My birth name is R. Leon Mathews but I was given a spiritual name by a priestess during a Kwanzaa naming ceremony. She crafted the ancient Egyptian name, Askari Ali, meaning "exalted warrior, destined to rule" which I finally feel I am living up to presently. In Arabic, askari means police or indigenous people who have been recruited into the occupying power's military to fight their own people. Talk about the perversion of words!
Currently, I work as a freelance website designer, marketing consultant and event planner. I am shifting back into civic activism in a more evolved and conscious manner than previously when I worked in the fields of HIV prevention/outreach, employment & training, and other areas in nonprofit management.
These days, I am compelled to express myself creatively and spiritually in a number of ways such as writing, fashion design, tarot reading, transcendental meditation, and speaking out on important issues that keep humanity from reaching its potential. In 2007, I had to drop out of the "rat race" entirely because I got tired of being used and abused by the corporate structure and having to look at the asses of all the rats in front of me. At the time, I fond myself unable to get the simplest of jobs was driving me crazy. Having previously made good money in the nonprofit industry was a blessing but the "politics" always got in the way of me progressing and/or helping people in effective, efficient ways. Still, I knew I wouldn't be happy until I was working for myself because I know best how to apply my talents in helping others.

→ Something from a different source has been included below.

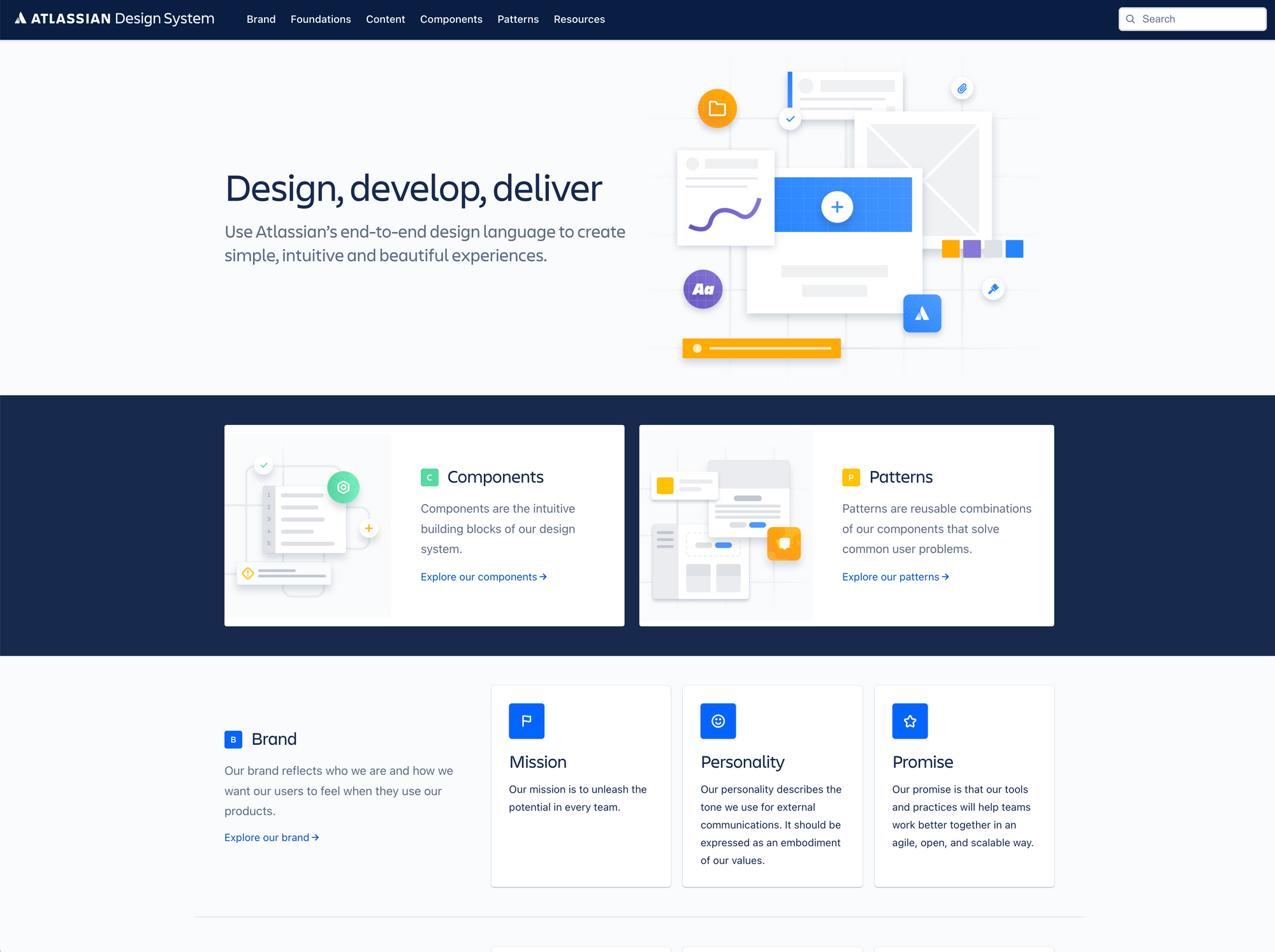 Scaling the Atlassian Design System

Unfortunately, my mind was still stuck in the social conditioning that I needed to maintain certain non-essential possessions, appearances and financial security even if it meant doing work that far from utilized my talents. When I finally quieted the constant societal buzz, I was able to look at things from a common sense perspective and saw that I really had not been charting my own destiny at all.
I questioned all my beliefs and sorted out which ones were authentically mine and which ones were "accepted" as a result of me not questioning tradition and social norms. When it all came out in the wash, I felt like a society outsider. I have never been much of a money-minded person. I understood what it could provide in terms of material comfort but never felt the NEED to be rich. During my self-imposed exile, I came to the realization that there has never been a time in humanity where our collective focus was the preservation and betterment of life through cooperation. This is an ideal that I am devoted to making a reality.